Problem statement:
Pictures aside, please retype the whole listing word for word.

Source data:

+-------+

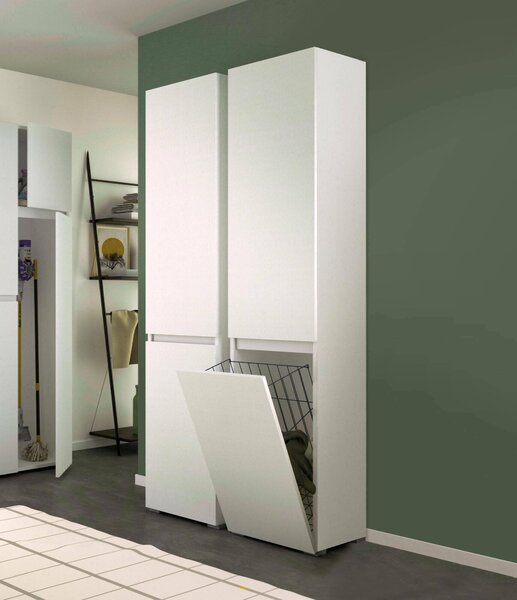 Armadio bianco portabiancheria 45x195h cm - Aro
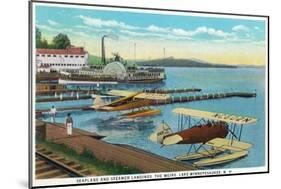 Lake Winnepesaukee, New Hampshire - Seaplanes at the Weirs-Lantern Press-Mounted Art Print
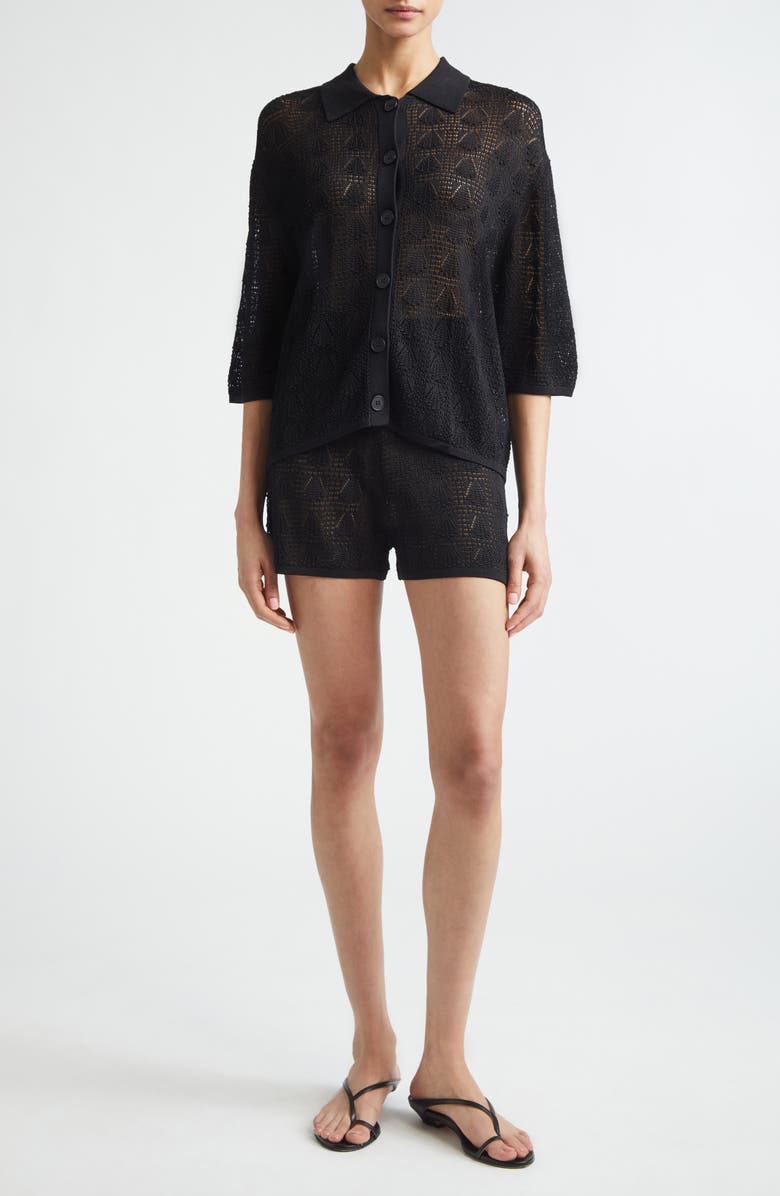LOULOU DE SAISON Cortes 3D Shell Knit Shorts, Alternate, color, Black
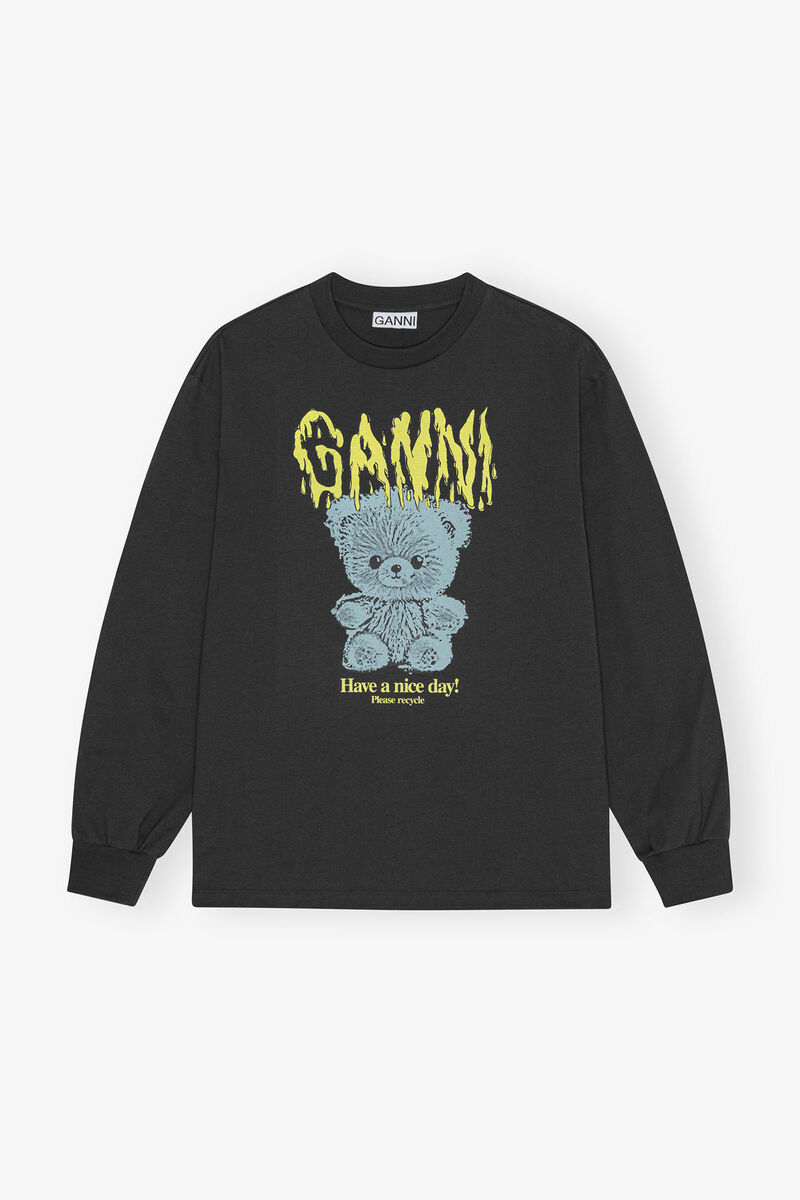 Sort langærmet teddy T-shirt i basalt bomuld, Cotton, in colour Phantom - 1 - GANNI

+-------+

Written answer:
 Armadio bianco portabiancheria 45x195h cm - Aro
 Lake Winnepesaukee, New Hampshire - Seaplanes at the Weirs-Lantern Press-Mounted Art Print
LOULOU DE SAISON Cortes 3D Shell Knit Shorts, Alternate, color, Black
 Sort langærmet teddy T-shirt i basalt bomuld, Cotton, in colour Phantom - 1 - GANNI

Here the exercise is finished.